Transcribe, starting at the line with "Human Made 3-Pack T-Shirt Set" and ending at the line with "Radio Tiempo 1200 am Venezuela, Caracas", every line of the material below exactly, but leave out the pictures and anything outside that span.

##### Data shown #####

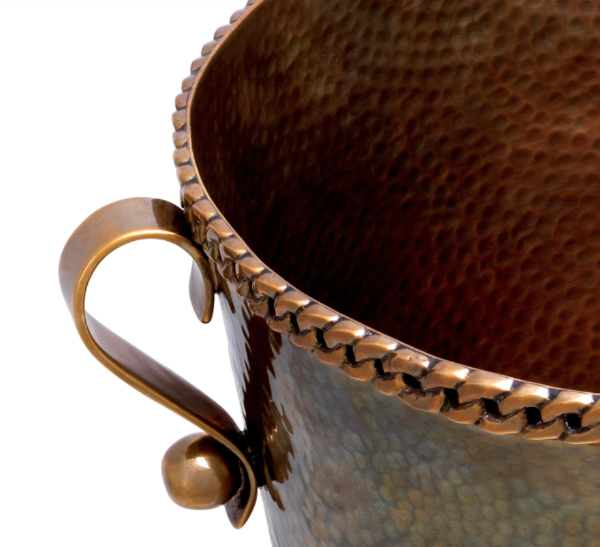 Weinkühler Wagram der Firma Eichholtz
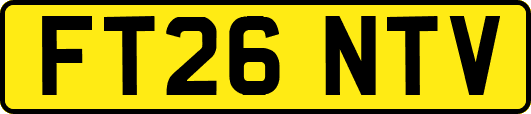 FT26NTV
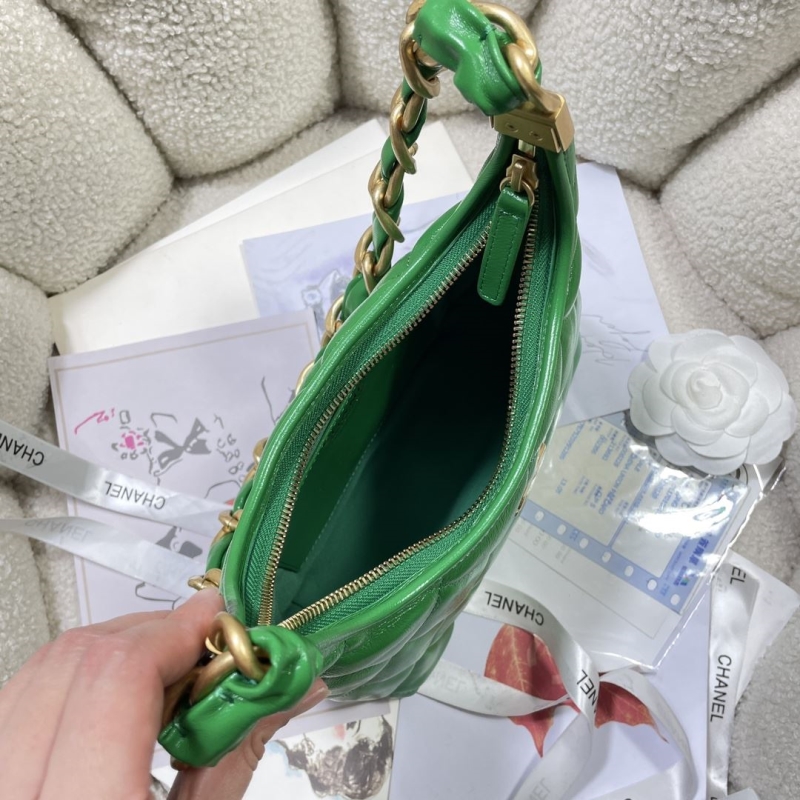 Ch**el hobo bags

#####
##### Data shown #####

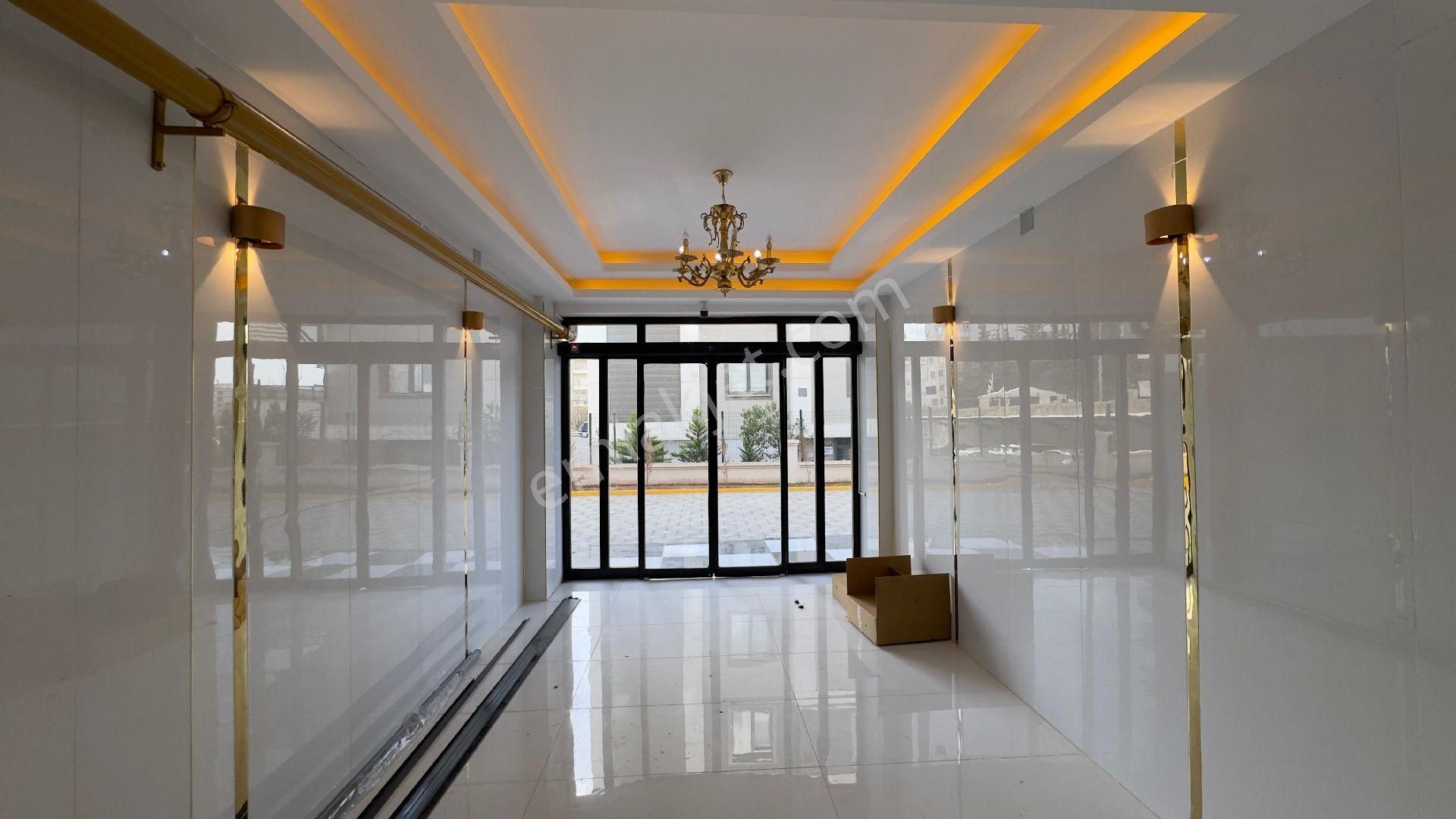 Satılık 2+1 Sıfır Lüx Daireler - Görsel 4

#####
##### Data shown #####

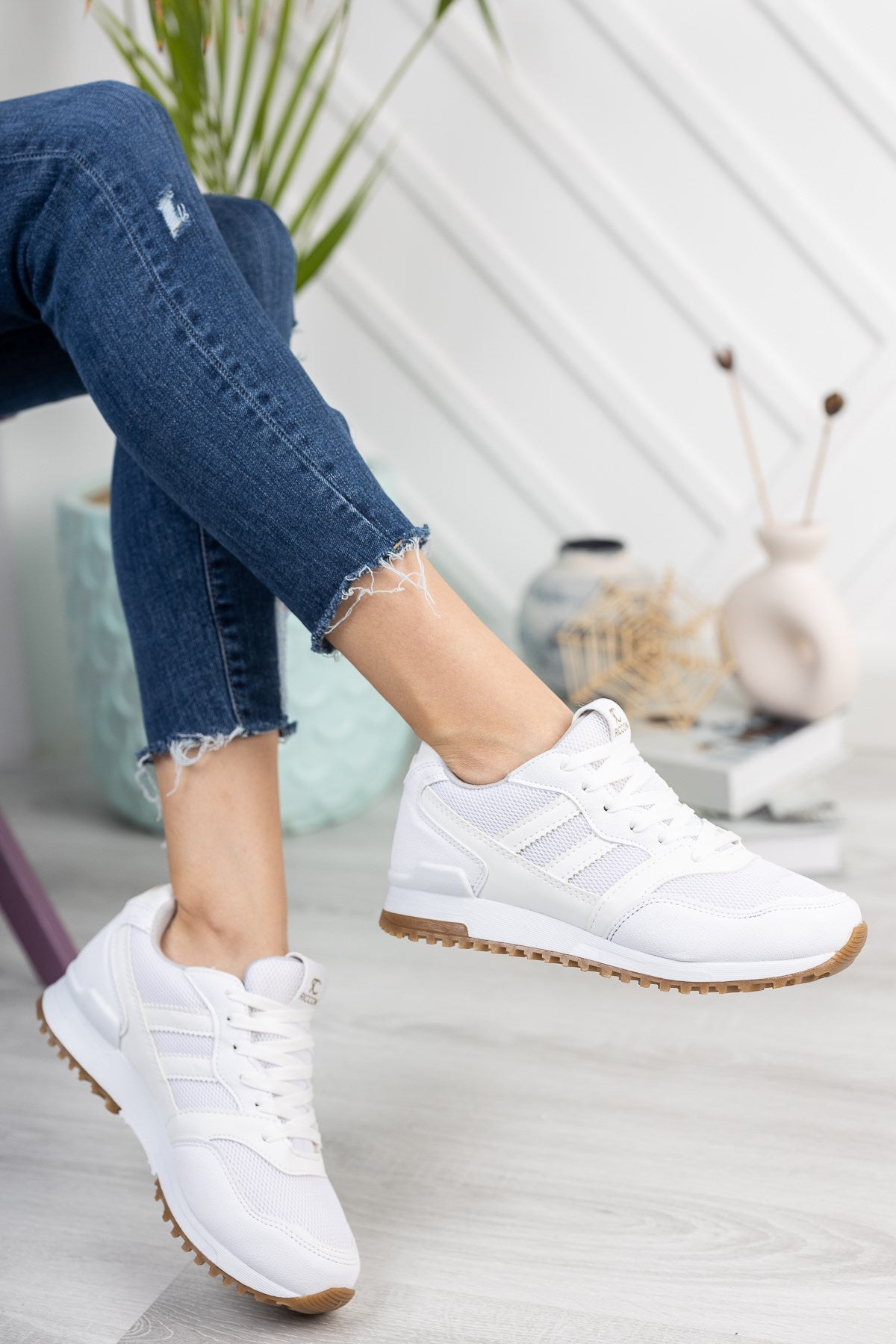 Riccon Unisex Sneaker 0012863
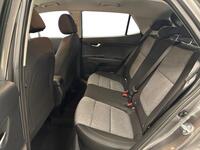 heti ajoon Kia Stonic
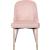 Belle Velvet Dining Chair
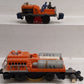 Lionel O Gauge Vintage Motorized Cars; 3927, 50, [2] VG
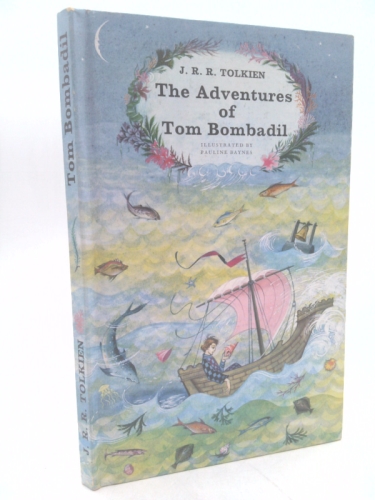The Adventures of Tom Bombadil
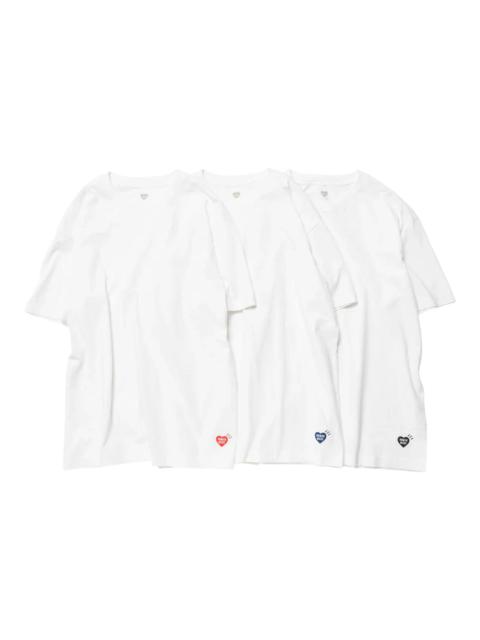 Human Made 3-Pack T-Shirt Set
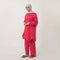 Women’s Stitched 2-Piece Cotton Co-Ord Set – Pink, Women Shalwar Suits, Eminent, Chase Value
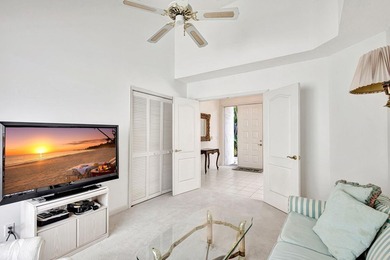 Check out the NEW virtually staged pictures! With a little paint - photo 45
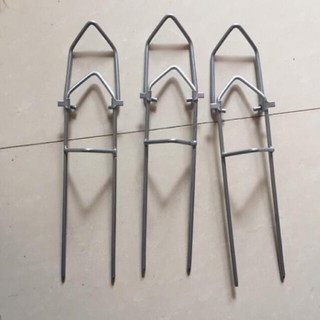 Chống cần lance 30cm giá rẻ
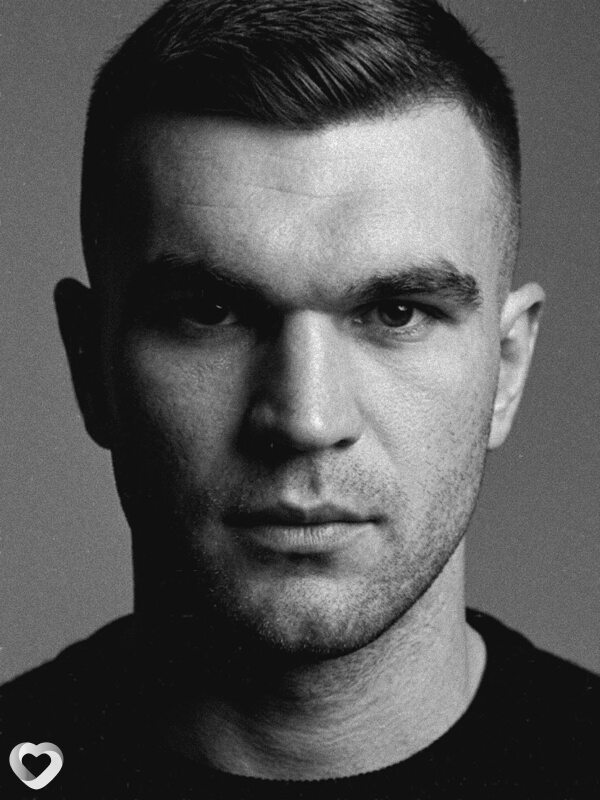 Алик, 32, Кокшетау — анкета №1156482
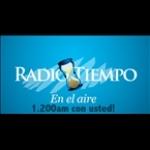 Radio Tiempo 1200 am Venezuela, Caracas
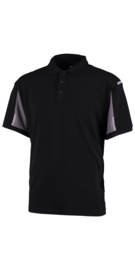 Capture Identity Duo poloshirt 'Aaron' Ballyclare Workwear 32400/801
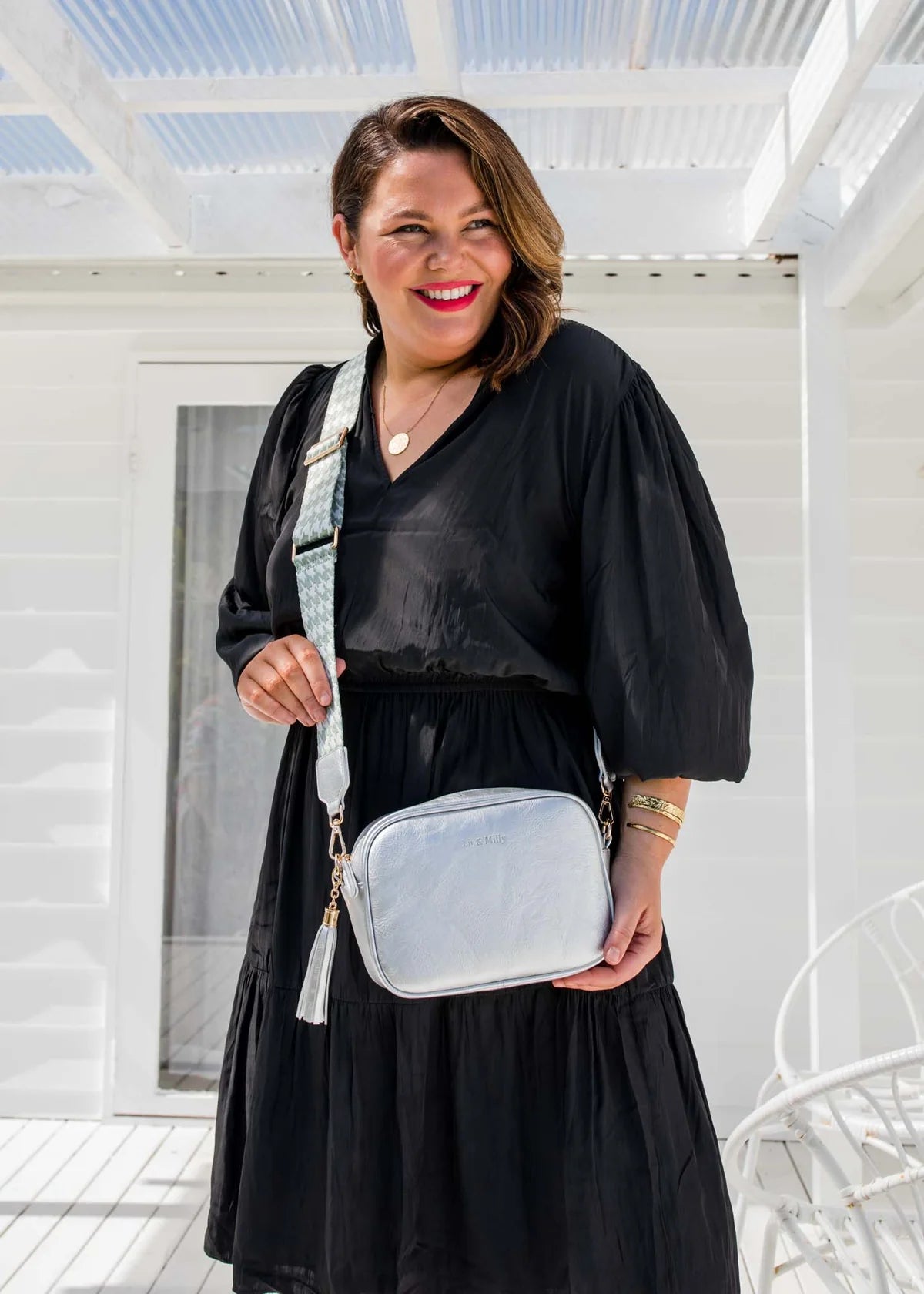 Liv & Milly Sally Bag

#####

▶ _Task output_
 Human Made 3-Pack T-Shirt Set
 Women’s Stitched 2-Piece Cotton Co-Ord Set – Pink, Women Shalwar Suits, Eminent, Chase Value
 Check out the NEW virtually staged pictures! With a little paint - photo 45
 Chống cần lance 30cm giá rẻ
 Алик, 32, Кокшетау — анкета №1156482
 Radio Tiempo 1200 am Venezuela, Caracas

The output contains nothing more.